The point is they are not qualified. If Jesus was to wait till he found qualified men he would never have found any disciples at all. They are all just like Jonah, sinners whom God must mold into preachers of the Gospel. Jesus doesn’t seek qualified men whom he can send. He calls unqualified men and molds them into what he needs.
The only thing that these men have in common is that they were called by Christ to be fishers of men. And because Christ called them he would make of them what he wanted them to be.
Notice that in our text. Jesus doesn’t say come you will be good at fishing for men. No he says come and I will make you fishers of men.
This is what Jesus does he calls sinners into the ministry and then molds them into what they ought to be.
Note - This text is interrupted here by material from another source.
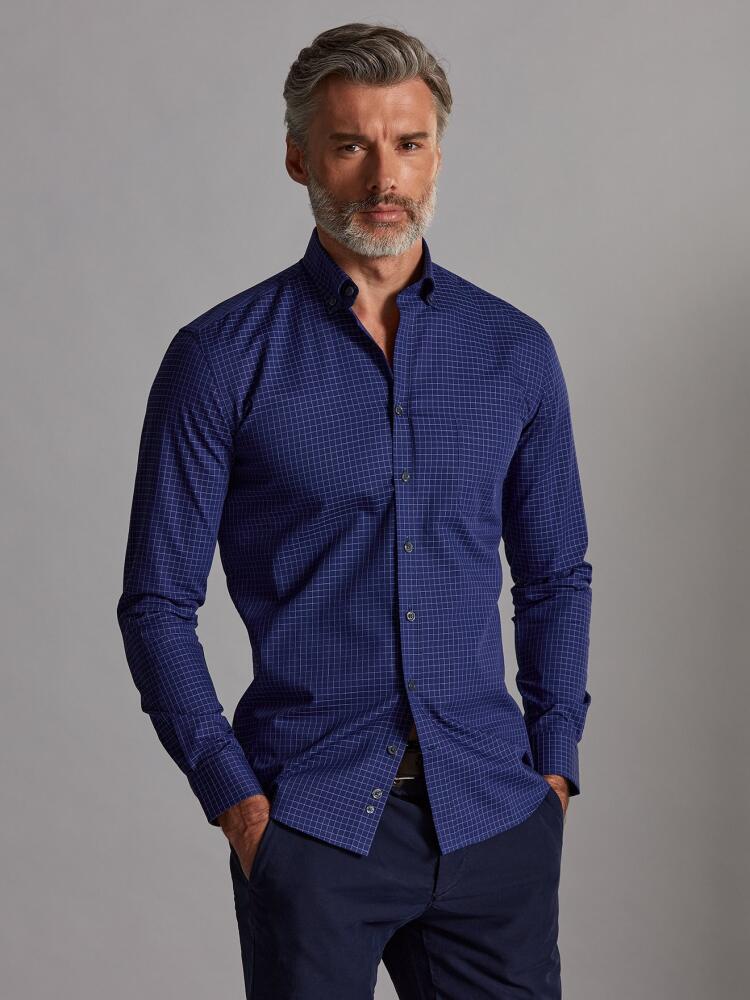 Chemise Clyde marine à carreaux ciel - Col Boutonné Chemises Homme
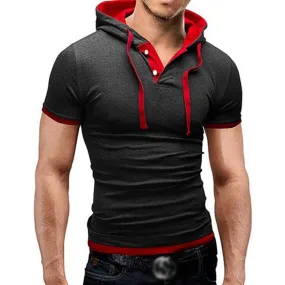 Men's Casual Contrast Color Thin Short-Sleeved Hoodie 80432553M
For those youths among us wondering about who might be wandering about their future, one of the things you should consider is the ministry. Is God calling you into the ministry? This question boils down to one and only one question, “are you calling me God.” It is true that Paul by inspiration of the Holy Spirit gives some qualifications in 1 Timothy 3 and in Titus 1. These qualifications can help us to think about whether the Lord is calling us. But remember that the Lord is able to make of you what he desires. So the question boils down to one thing only, “Lord are you calling me?” If the Lord says yes, will you remain with your father and with the fishing boats? Or will you immediately leave all and follow Christ?
The rest of us have another question we have to consider. When was the last time you remembered in your prayers to pray that the Lord would move the hearts of our young men and women to follow Christ into the ministry?
When the ministry of John the Baptist ended Jesus replaced him with four. Where is that fourfold growth today? Instead of one pastor being followed by four more it seems like at the end of each pastors ministry there are four less.
I assure you the work is not growing less. There is more work to do today than there was in the time of our grandparents. But the workers are growing fewer.
Jesus has a very simple solution to this problem, “pray the Lord of the harvest to send forth laborers into the harvest.”
We spend so much of our time praying for so many things that we think we need or want. When was the last time we prayed that the Lord would call men and women and mold them into faithful pastors and teachers? This is something that we really desperately need and which the Lord has instructed us to pray for. Pray that the Lord might send out workers into his harvest.
Jesus came to give us the greatest gift of all: the forgiveness of sins. This gift is distributed through the preaching of the gospel, and the preaching of the gospel is accomplished by men whom Christ calls into the ministry. Sinners whom Christ grabs and molds into what he needs for the work that he needs done. The work is not less today than it was 2,000 years ago, but faithful workers are becoming fewer. There is only one solution pray, pray the Lord of the harvest to call and mold more men into his service, so that where there was one there might be four more.
The Lord gave the word; Great was the company of those who proclaimed it:Psalm 68:11
8 Therefore He says: “When He ascended on high, He led captivity captive, And gave gifts to men.” . . . 11 And He Himself gave apostles, prophets, evangelists, and pastors and teachers, 12 for the equipping of the saints for the work of ministry, for the edifying of the body of Christ,Ephesians 4:8,11,12
Jesus does not find preachers but rather creates them. Since we are in desperate need of faithful preachers and since it is Christ alone who can give us what we need, we must pray to the Lord of the harvest to send out workers.